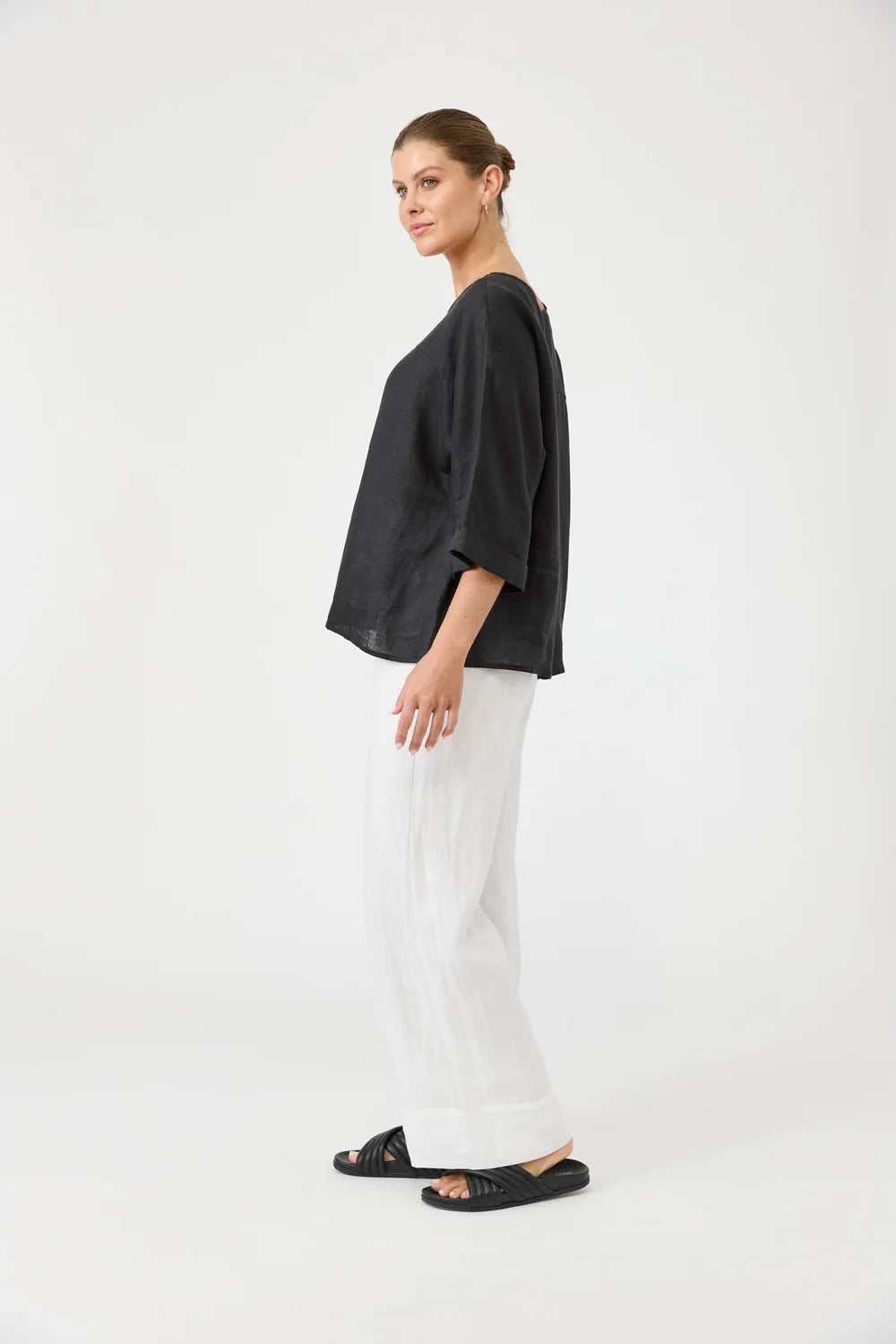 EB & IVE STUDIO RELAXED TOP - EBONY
---
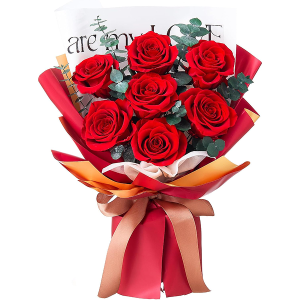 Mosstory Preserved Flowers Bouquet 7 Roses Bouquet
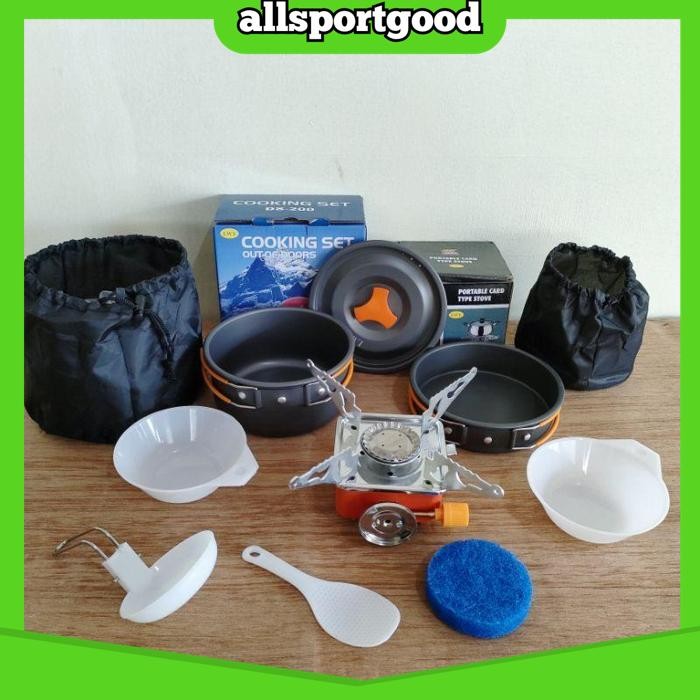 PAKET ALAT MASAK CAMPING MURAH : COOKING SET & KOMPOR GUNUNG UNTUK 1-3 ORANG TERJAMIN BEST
==
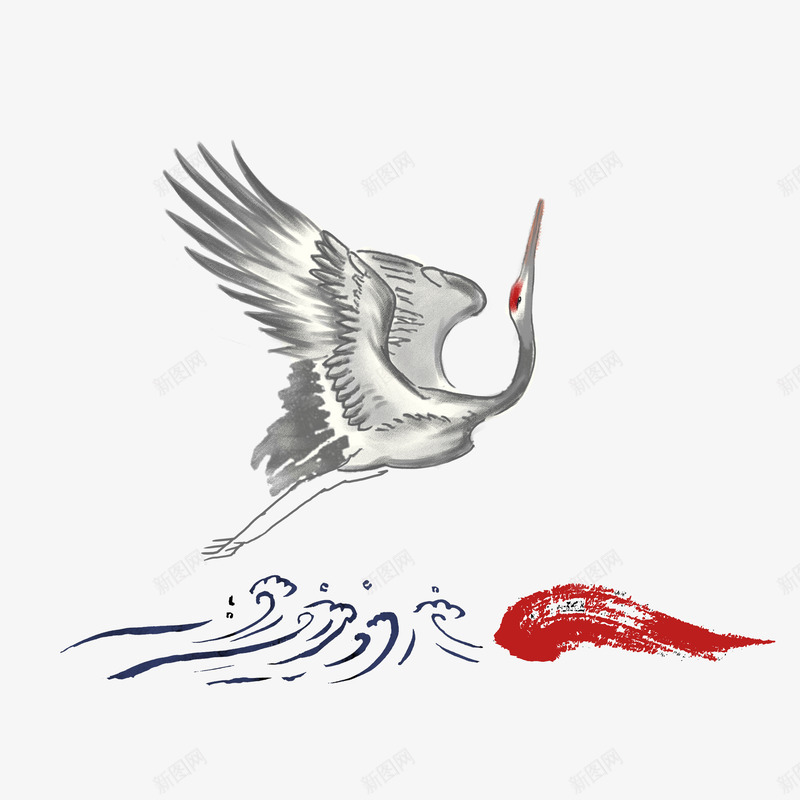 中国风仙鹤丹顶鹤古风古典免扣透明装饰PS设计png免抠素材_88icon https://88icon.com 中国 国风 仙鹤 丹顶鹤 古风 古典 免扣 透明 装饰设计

**REQUIRED ACTION**
Working from the records above, set down word for word everything from the line containing "Mosstory Preserved Flowers" down to the line containing "PAKET ALAT MASAK", ends included, minus the pictures.

**RESULT OF THIS TASK**
 Mosstory Preserved Flowers Bouquet 7 Roses Bouquet
 PAKET ALAT MASAK CAMPING MURAH : COOKING SET & KOMPOR GUNUNG UNTUK 1-3 ORANG TERJAMIN BEST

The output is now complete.